##### Data provided

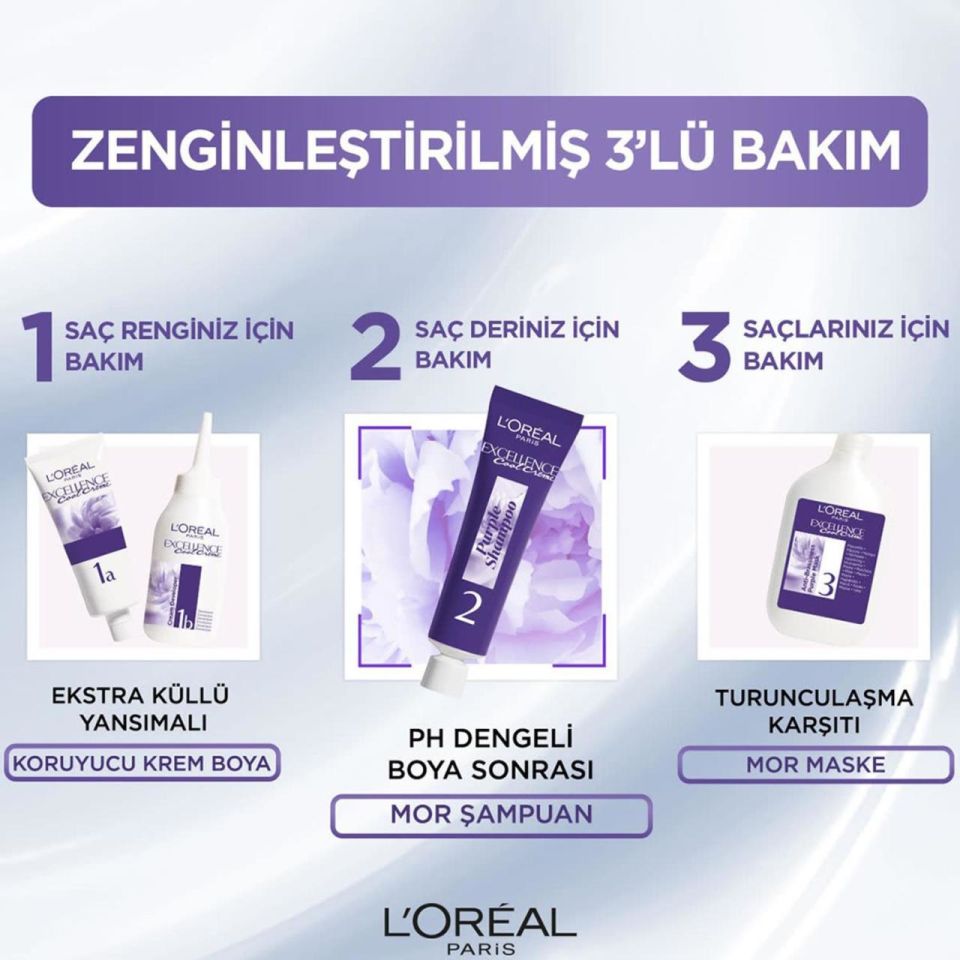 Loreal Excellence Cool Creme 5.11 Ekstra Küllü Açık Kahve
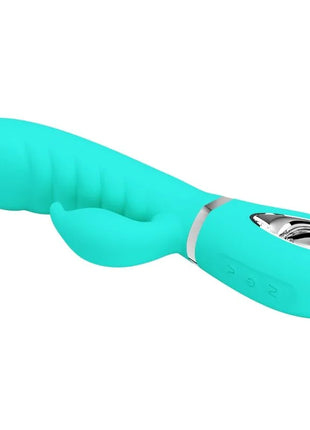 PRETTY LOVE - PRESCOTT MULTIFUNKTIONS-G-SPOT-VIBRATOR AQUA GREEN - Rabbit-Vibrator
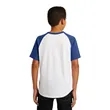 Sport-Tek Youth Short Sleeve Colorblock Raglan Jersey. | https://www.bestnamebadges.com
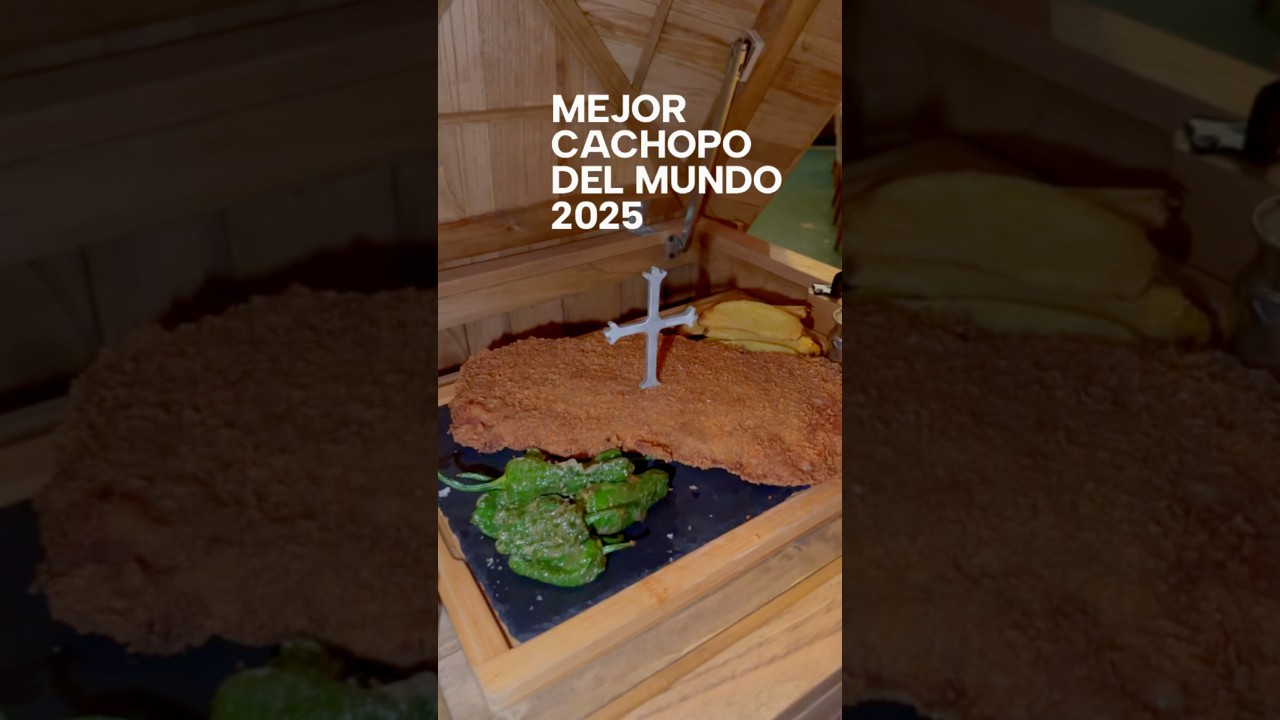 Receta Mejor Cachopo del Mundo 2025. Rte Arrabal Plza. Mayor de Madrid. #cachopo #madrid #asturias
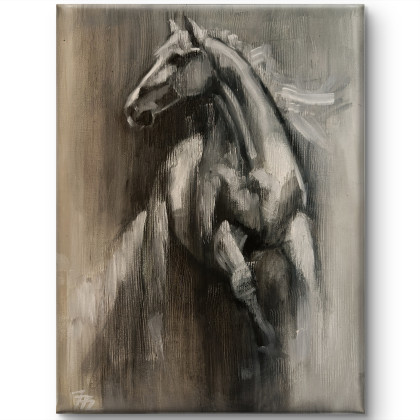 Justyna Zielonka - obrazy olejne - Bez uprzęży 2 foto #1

##########
##### Data provided

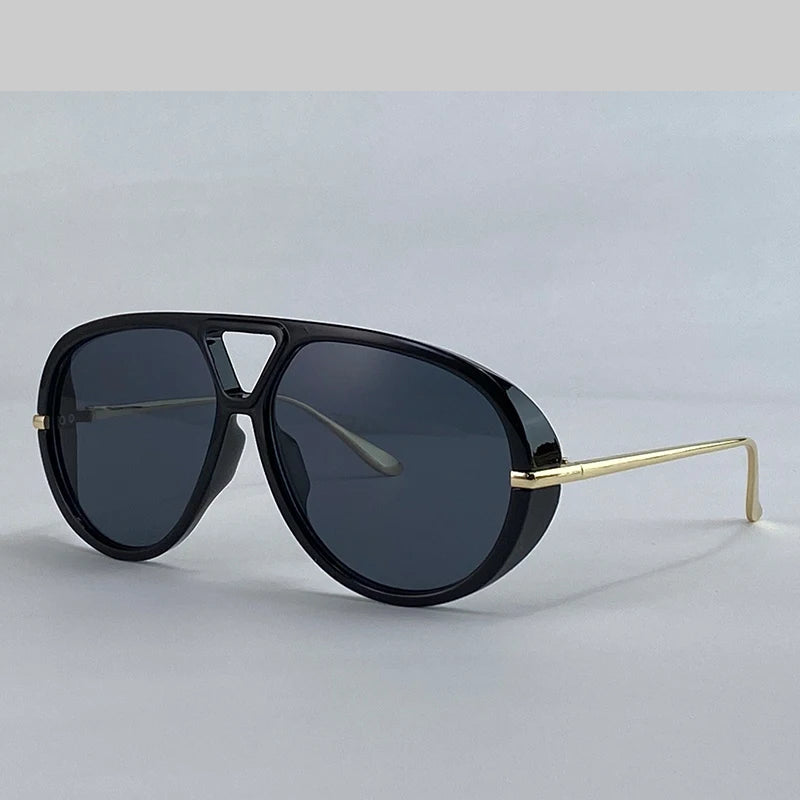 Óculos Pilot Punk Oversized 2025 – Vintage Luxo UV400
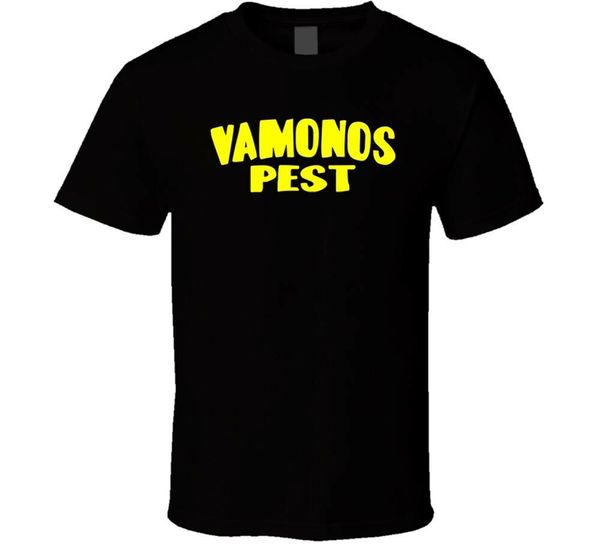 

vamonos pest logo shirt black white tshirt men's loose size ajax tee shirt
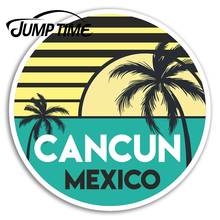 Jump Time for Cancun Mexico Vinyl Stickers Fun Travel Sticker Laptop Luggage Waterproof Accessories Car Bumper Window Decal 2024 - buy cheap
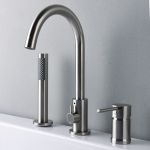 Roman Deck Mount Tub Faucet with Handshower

##########
##### Data provided

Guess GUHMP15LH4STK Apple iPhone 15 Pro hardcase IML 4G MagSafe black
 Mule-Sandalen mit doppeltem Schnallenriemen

##########

Above are some entries. Restate word for word the lines from the one holding "PRETTY LOVE - PRESCOTT" through the one holding "Justyna Zielonka - obrazy", but not the pictures.

 PRETTY LOVE - PRESCOTT MULTIFUNKTIONS-G-SPOT-VIBRATOR AQUA GREEN - Rabbit-Vibrator
 Sport-Tek Youth Short Sleeve Colorblock Raglan Jersey. | https://www.bestnamebadges.com
 Receta Mejor Cachopo del Mundo 2025. Rte Arrabal Plza. Mayor de Madrid. #cachopo #madrid #asturias
 Justyna Zielonka - obrazy olejne - Bez uprzęży 2 foto #1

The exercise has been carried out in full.